Worries over German banks sink bond issue, hit shares

Deutsche Bank shares hit a record low on Tuesday and state-backed lender NordLB scrapped plans for a 500 million euro ($560 million) bond sale, underlining investor concern about the health of the financial industry in Europe's largest economy.

The decision by NordLB to shelve the bond issue because of a lack of demand came a day after Deutsche, Germany's largest bank with around 100,000 employees, was forced to reassure investors it did not need government support to help meet a potential $14 billion claim from the U.S authorities.

Deutsche Bank shares hit a record low of 10.19 euros and were trading down 3 percent at 10.23 euros by 1200 GMT as investors fretted over the impact of claims it missold mortgage-backed securities.

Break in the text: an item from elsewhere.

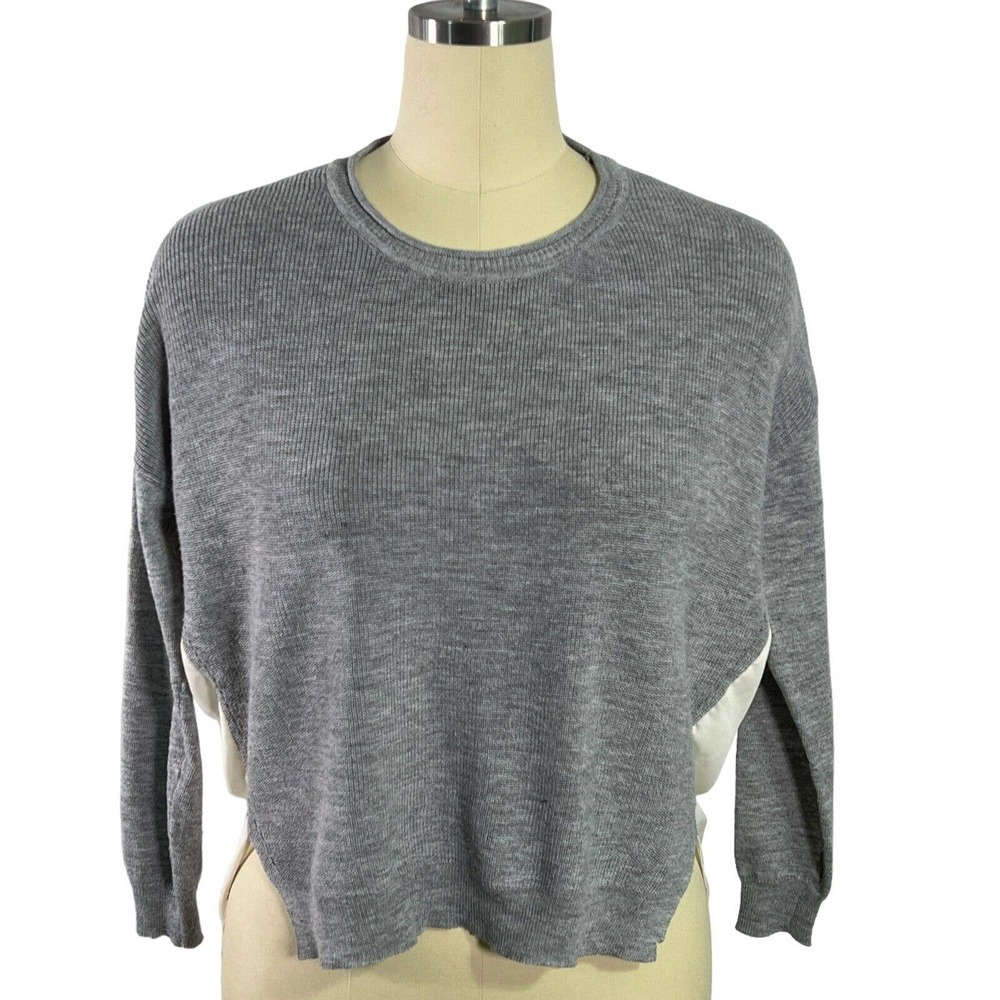 Finn & Clover Sweater Long Sleeve Grey And Cream Mixed Media, Size S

Squeezed by the European Central Bank's low interest rates, German banks have been seeking ways to boost revenue by passing on costs to corporate customers and increasing fees for retail depositors, but profit margins remain thin in one of Europe's most competitive banking markets.

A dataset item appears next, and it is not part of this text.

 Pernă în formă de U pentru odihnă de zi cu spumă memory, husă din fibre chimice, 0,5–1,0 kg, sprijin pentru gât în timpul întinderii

Banks such as Deutsche are also counting the cost of litigation dating back to their expansion before the financial crisis in 2007-2009. Deutsche has said it will fight the $14 billion demand from the U.S. Department of Justice.

"It seems clear to me that the market assumes now about an $8 billion fine," said one investor in a multi-billion-dollar fund, who declined to be named.

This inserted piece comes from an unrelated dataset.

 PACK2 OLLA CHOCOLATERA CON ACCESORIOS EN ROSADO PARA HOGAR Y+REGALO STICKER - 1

"They would have to sell something or do an equity raise to become investable again," the person said.

German Chancellor Angela Merkel on Tuesday declined direct comment on the bank's situation, saying that she hoped its temporary problems could be properly resolved.

Commerzbank shares also fell on Tuesday on reports Germany's second biggest lender would cut around 9,000 jobs over the next few years and would scrap its 2016 dividend to help offset the cost.

The revamp is expected to cost around 1 billion euros, a person close to the lender's supervisory board told Reuters.

Chief Executive Martin Zielke is due to present the plan to Commerzbank's supervisory board this week and expects to unveil it publicly on Friday.

Commerzbank's shares were 2.6 percent lower at 1200 GMT, hit by the prospect of no dividend instead of the 20 cents per share expected for 2016, traders said.

Cost cutting is a priority as banks seek to become leaner while mastering the transition to simpler, more digital business models, with the sector as a whole expected to shed many thousands of jobs over the coming years.

"Too many banks are still offering too many products to their clients," said one banking regulator, when asked about prospects for the German banking sector.

Deutsche, Commerzbank and NordLB are among German banks struggling to recoup tens of billions of dollars of loans as a global shipping industry slump hits them hard.